- **Problem details**:
Omit the pictures and print exactly the lines of the listing below, starting at the first and ending at the line containing "Folgt einem harschen".

- **Data extract**:
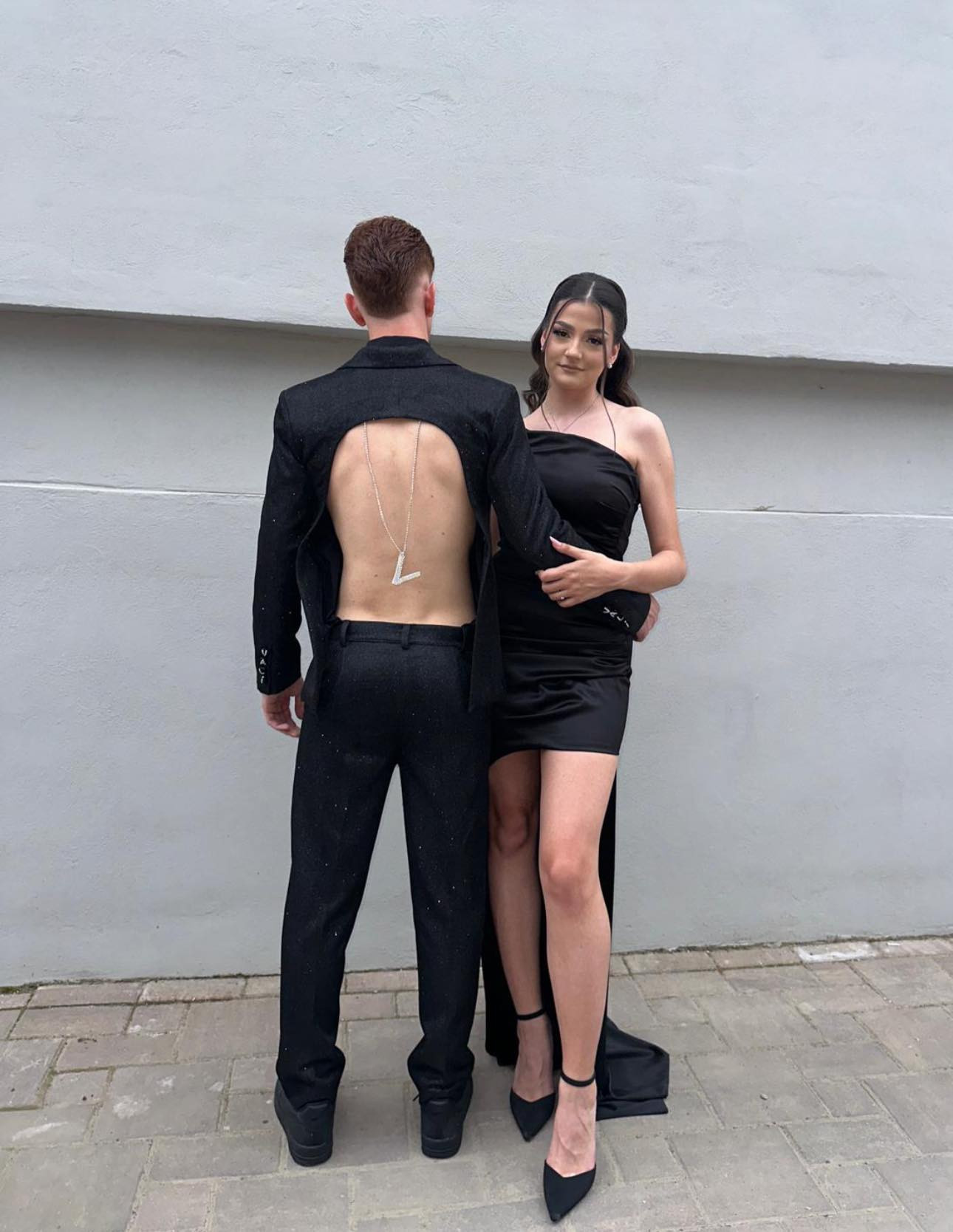 Cum a apărut un liceean la balul de absolvire. ”Pare mai mult pentru stripperi” VIDEO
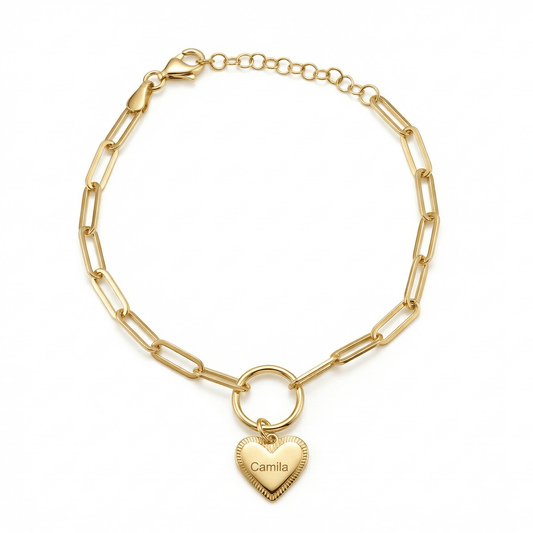 Name Bracelet with Heart and Paperclip in 18K Gold Vermeil. Tarnish-resistant, perfect for daily wear.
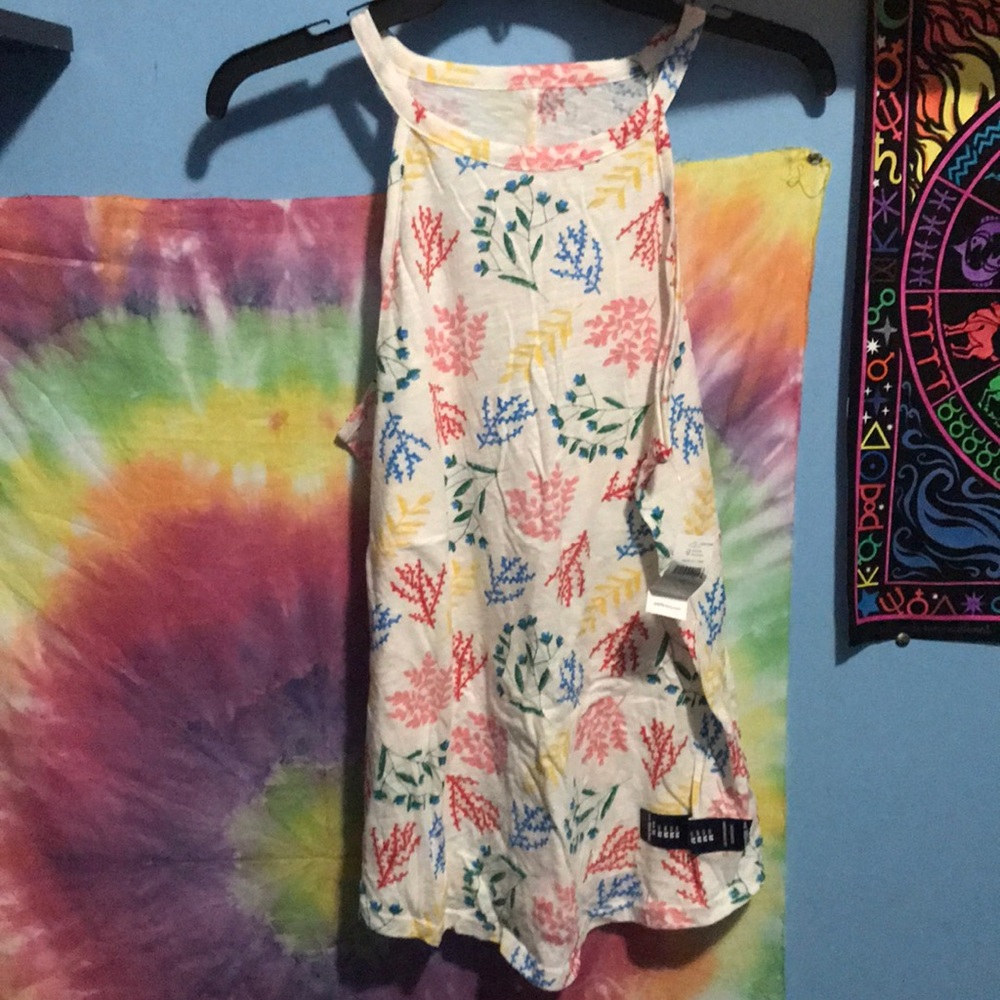 Leaf print tank top NEW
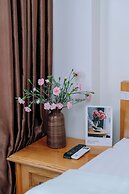 Rose Nhung Hotel Catba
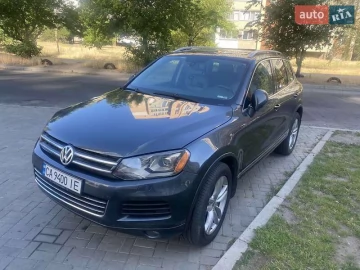 Авто Volkswagen Touareg 2012 № 7792080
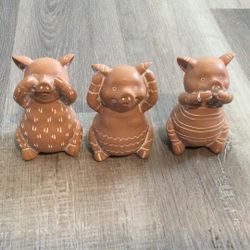 Pig  Statues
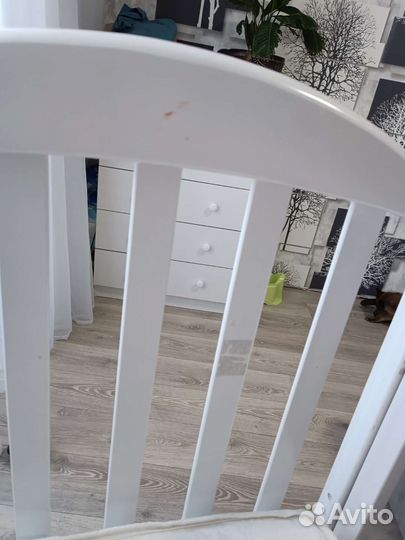 Детская кроватка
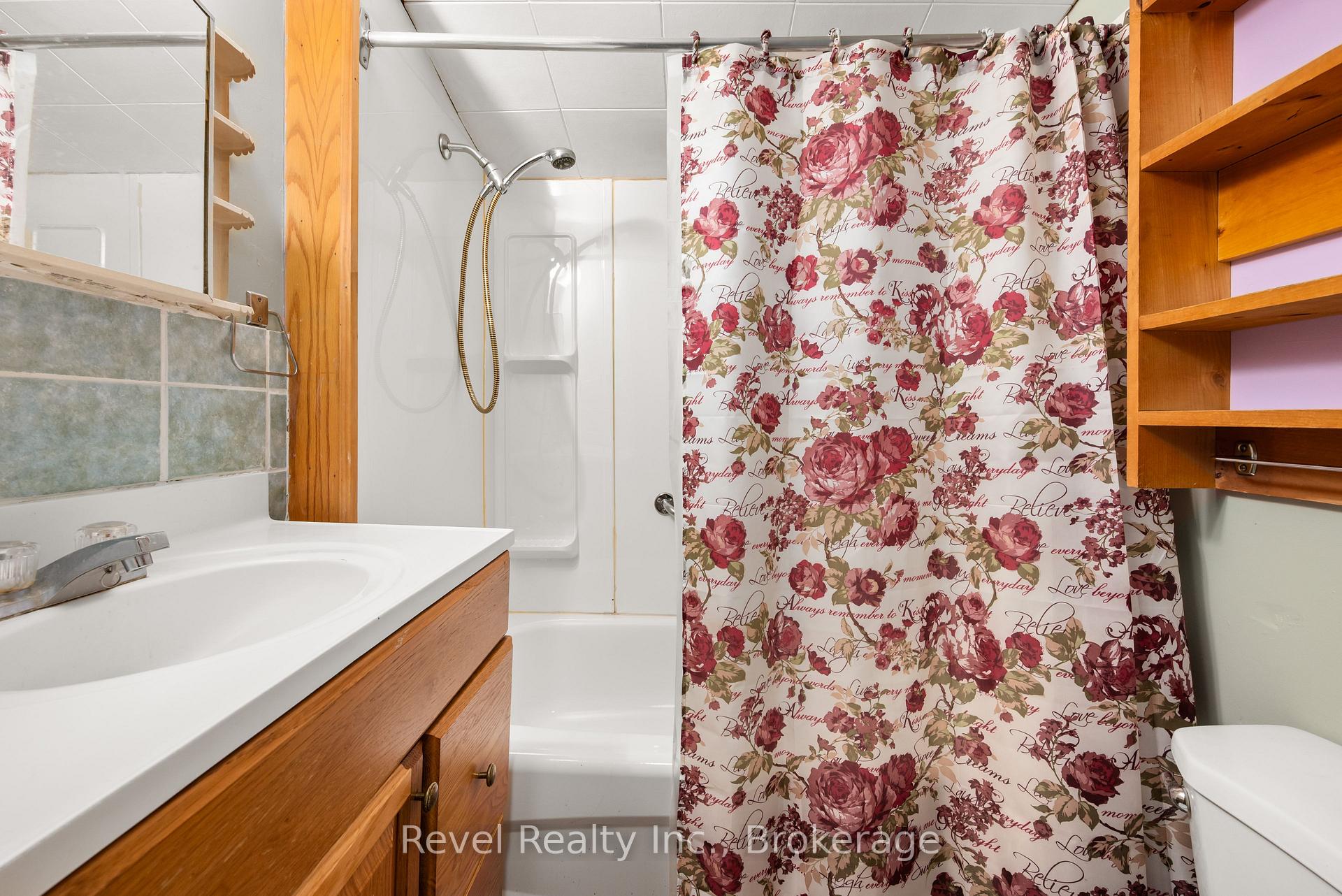 Photo 25 of 14 Richmond Street E, Kawartha Lakes, Bexley — HOMEH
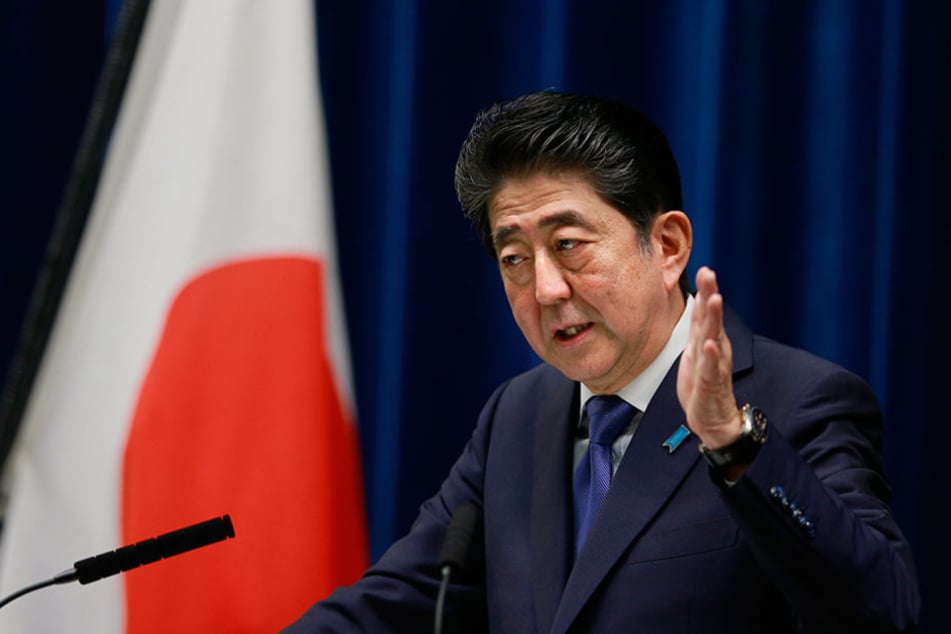 Folgt einem harschen Kurs: Japans Ministerpräsident Shinzo Abe. (Foto: DPA)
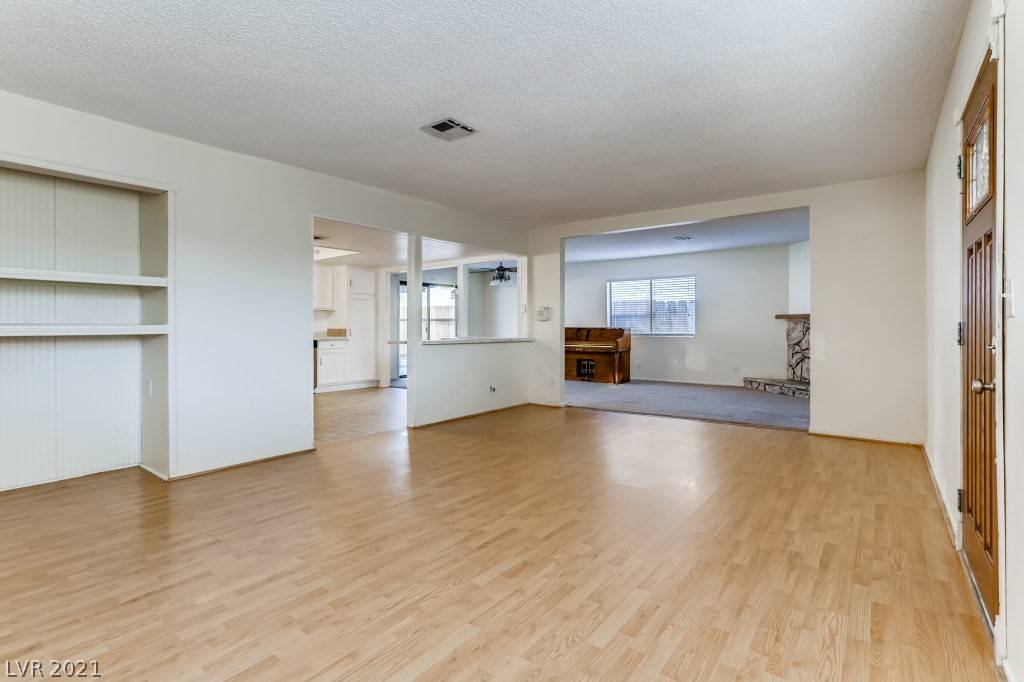 Las Vegas, NV 89122,4337 Crater ST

- **Solution to this exercise**:
 Cum a apărut un liceean la balul de absolvire. ”Pare mai mult pentru stripperi” VIDEO
 Name Bracelet with Heart and Paperclip in 18K Gold Vermeil. Tarnish-resistant, perfect for daily wear.
 Leaf print tank top NEW
 Rose Nhung Hotel Catba
 Авто Volkswagen Touareg 2012 № 7792080
 Pig  Statues
 Детская кроватка
 Photo 25 of 14 Richmond Street E, Kawartha Lakes, Bexley — HOMEH
 Folgt einem harschen Kurs: Japans Ministerpräsident Shinzo Abe. (Foto: DPA)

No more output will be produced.